Nothing should appear in the answer except the lines below from the line containing "2003-bmw-325i-image-13" through the line containing "Fiat 850 Berlina", copied exactly, with pictures left out.

--- EXERCISE DATA Enclosed Below ---

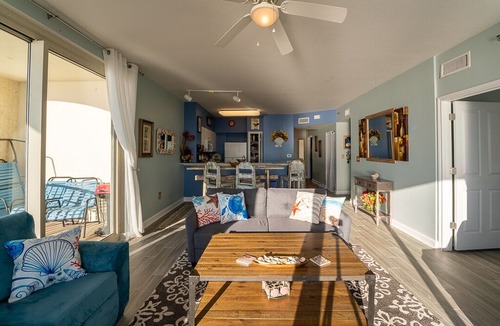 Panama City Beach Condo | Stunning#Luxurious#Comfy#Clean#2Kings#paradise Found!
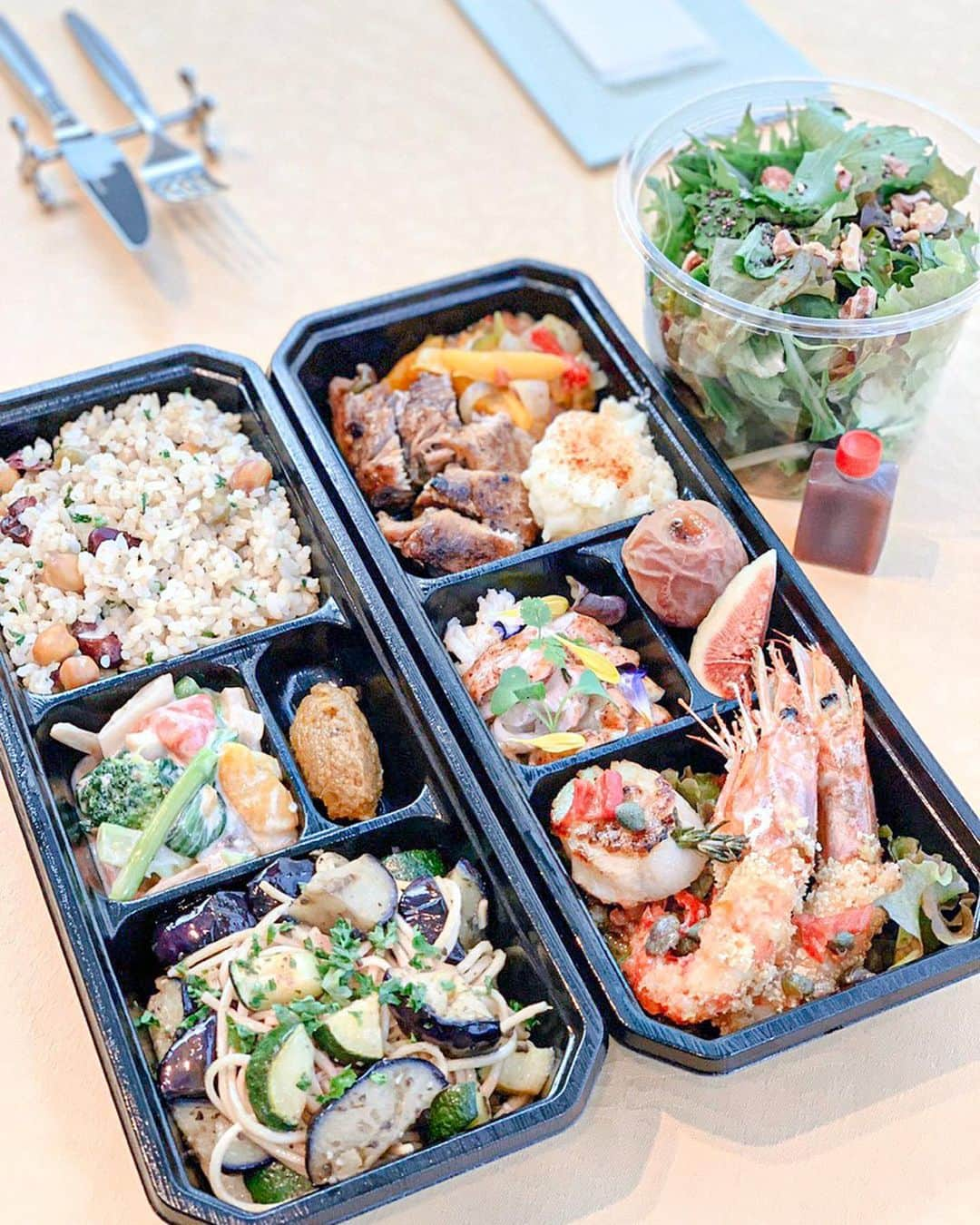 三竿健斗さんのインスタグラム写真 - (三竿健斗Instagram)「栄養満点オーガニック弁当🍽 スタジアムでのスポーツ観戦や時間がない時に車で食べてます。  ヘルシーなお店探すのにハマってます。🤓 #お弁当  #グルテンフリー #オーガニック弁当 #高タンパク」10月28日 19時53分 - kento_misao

--- End of Enclosed EXERCISE DATA ---
--- EXERCISE DATA Enclosed Below ---

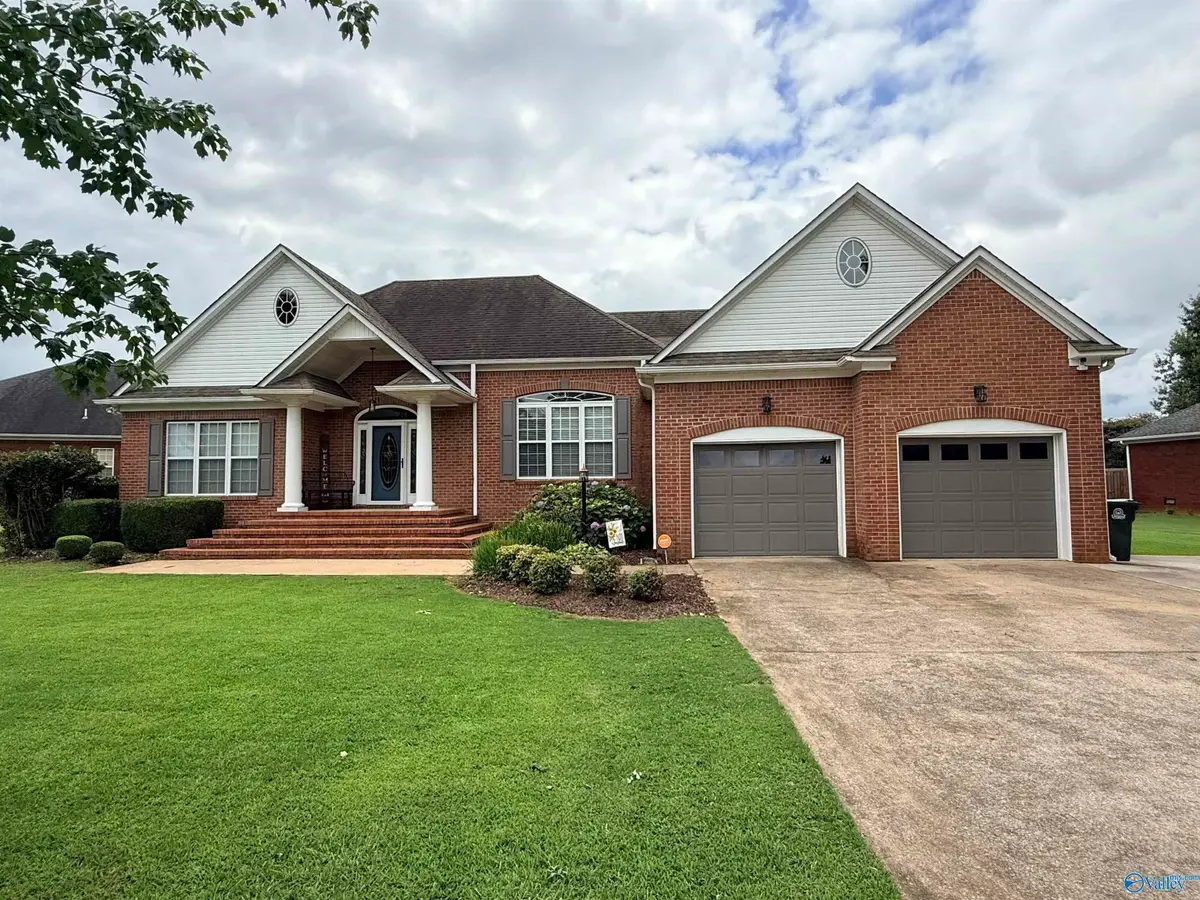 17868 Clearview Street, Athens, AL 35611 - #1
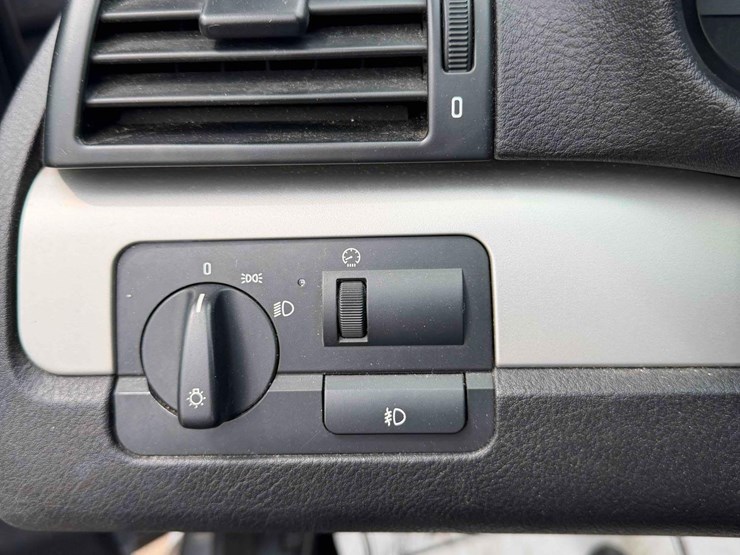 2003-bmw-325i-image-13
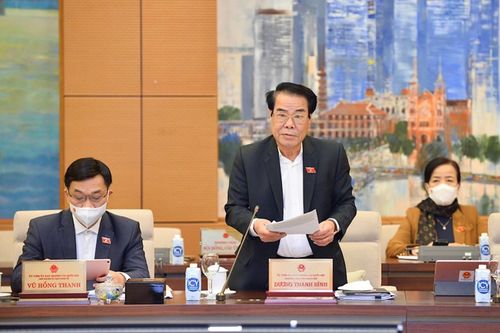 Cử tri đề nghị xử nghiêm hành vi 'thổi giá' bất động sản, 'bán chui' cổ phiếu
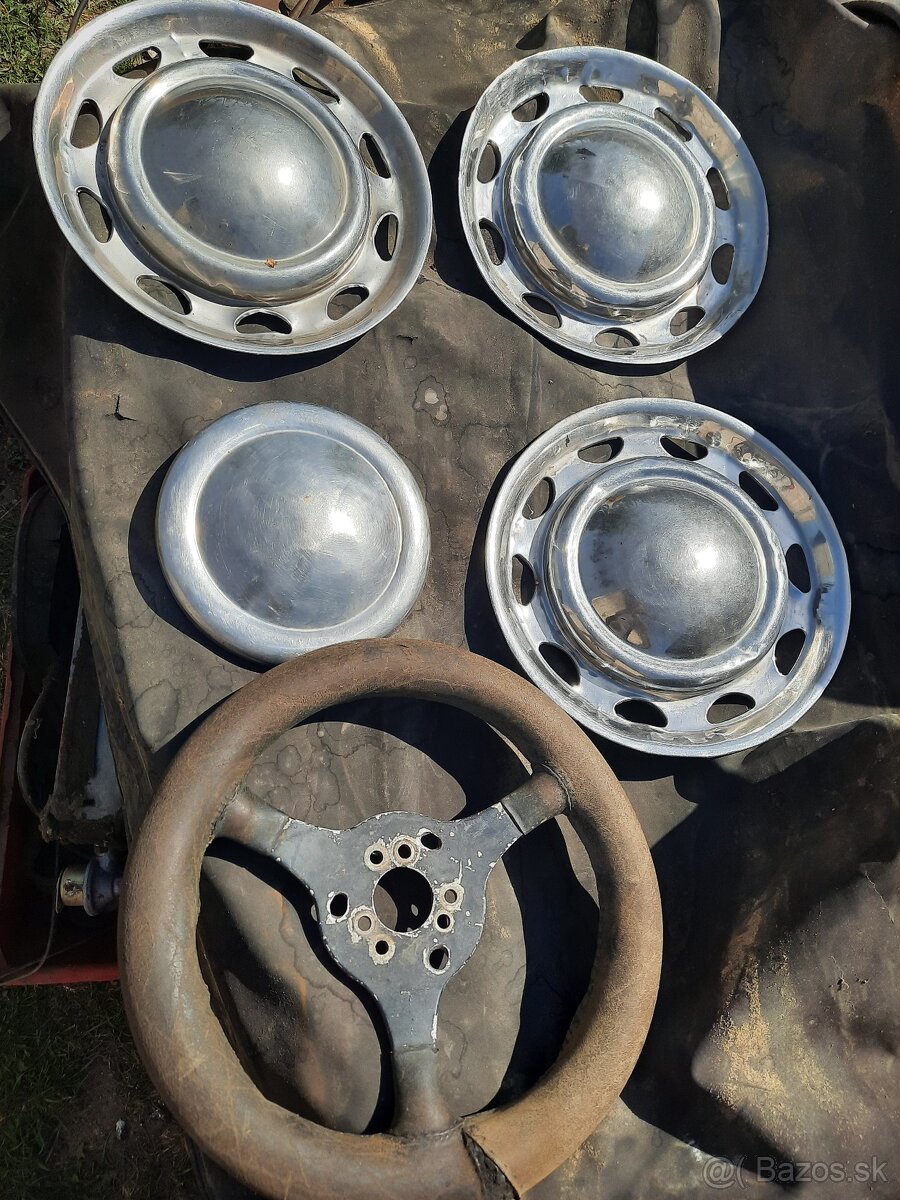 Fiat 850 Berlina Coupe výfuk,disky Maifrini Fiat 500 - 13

--- End of Enclosed EXERCISE DATA ---

■ COMPLETED TASK
 2003-bmw-325i-image-13
 Cử tri đề nghị xử nghiêm hành vi 'thổi giá' bất động sản, 'bán chui' cổ phiếu
 Fiat 850 Berlina Coupe výfuk,disky Maifrini Fiat 500 - 13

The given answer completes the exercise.